Thu Sep 29, 2011 11:59 am

Physics time: The voltage over a capacitor is linearly dependent on the charge and reciprocal on the capacitance, or the other way around, Q=V*C, charge equals voltage times capacitance. Charge is measured in coulombs, capacitance is measured in farads. A 1F capacitor charged to 1 coulomb will measure 1V. From this you can see how much energy is stored in a given capacitor at a given voltage.

Let's say you can use voltages between 3V and 5V to power your circuit and you're using a 10F capacitor (or ten 1F capacitors) charged to 5V to store energy. At 5V, there's a charge of 50C, at 3V the remaining charge is 30C. The average voltage is 4V and you got Q equals 20 coulombs out of the capacitor.
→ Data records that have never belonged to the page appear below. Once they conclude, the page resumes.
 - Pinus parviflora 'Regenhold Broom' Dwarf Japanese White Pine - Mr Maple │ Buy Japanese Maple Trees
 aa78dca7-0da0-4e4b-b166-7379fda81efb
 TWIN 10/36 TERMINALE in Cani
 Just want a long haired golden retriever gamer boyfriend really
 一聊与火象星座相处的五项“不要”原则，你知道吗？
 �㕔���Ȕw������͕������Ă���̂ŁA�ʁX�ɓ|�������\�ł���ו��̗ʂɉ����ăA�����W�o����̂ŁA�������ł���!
You know that power is voltage times current, P=V*I. Work (or energy) is power times duration, W=P*deltat. Thus W=V*I*deltat. The current is charge divided by duration, so W=V*Q. In our example, you got 4V*20C=80J out of the capacitor. One joule is one Ws (wattsecond), so if the circuit consumes 2W, then you can power it this way for 40 seconds.
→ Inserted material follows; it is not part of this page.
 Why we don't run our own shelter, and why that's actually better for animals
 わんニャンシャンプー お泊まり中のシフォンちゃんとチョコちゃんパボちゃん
The energy stored in a capacitor is usually given as W=0.5*C*V^2. To see that our calculation is correct, set the low voltage to 0V: Charge 50C, average 2.5V, so W=2.5V*50C=125J. That's the same as W=0.5*10F*(5V)^2=125J. In practice you can't use voltages below a certain threshold.
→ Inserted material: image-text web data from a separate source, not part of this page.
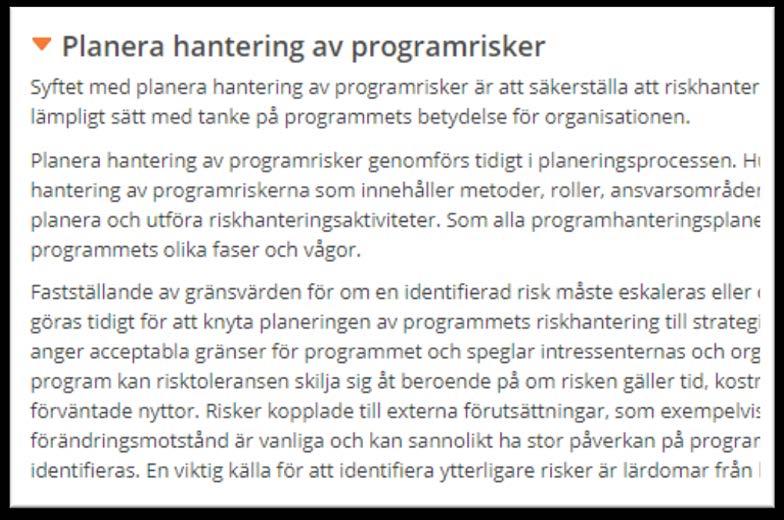 programrisker i kunskapsområdet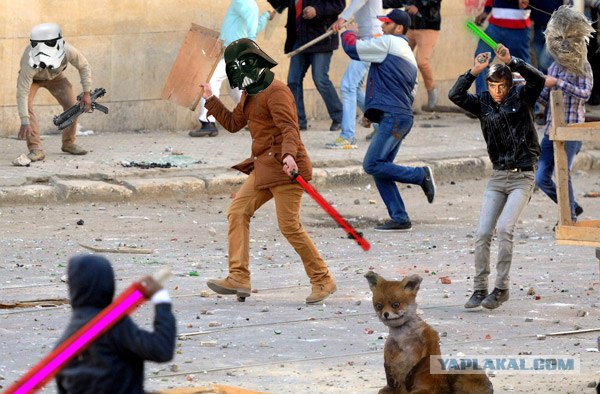 Фотожаба: Дискотека "Египет"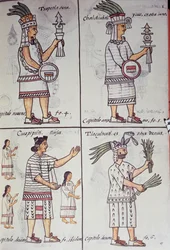 Tzapotlatena, Chalchiuhtlatonal, Cioapipitli und Tliltecuhtli, Florentiner Kodex, zweisprachige Version in Spanisch und Nahuatl, Allgemeine Geschichte der Dinge von Neuspanien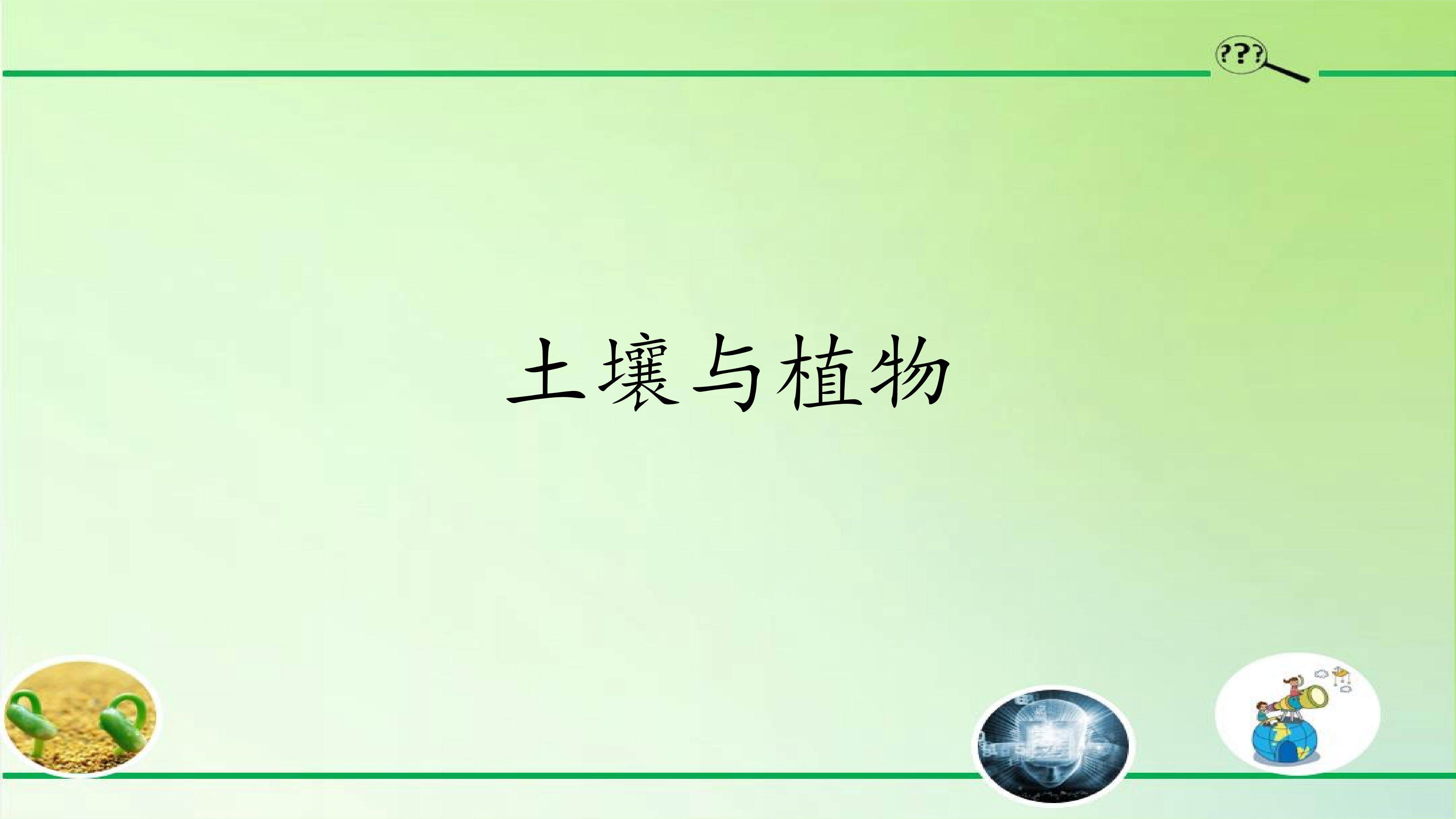 土壤与植物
Let's say you buy two 2600F 2.5V supercaps and put them in series to get to 5V. Again, let's say you can use 3V to 5V. That's W=0.5*(5V+3V)*(5V-3V)*2600F=20800J. At 2W, that would be 20800Ws/2W=10400s or about 2 hours and 50 minutes, if the capacitor could hold a charge that long. Of course you'd have to pay more than twice the price of a Raspberry Pi Model B just for the capacitors. Four rechargeable AA batteries store about twice as much energy.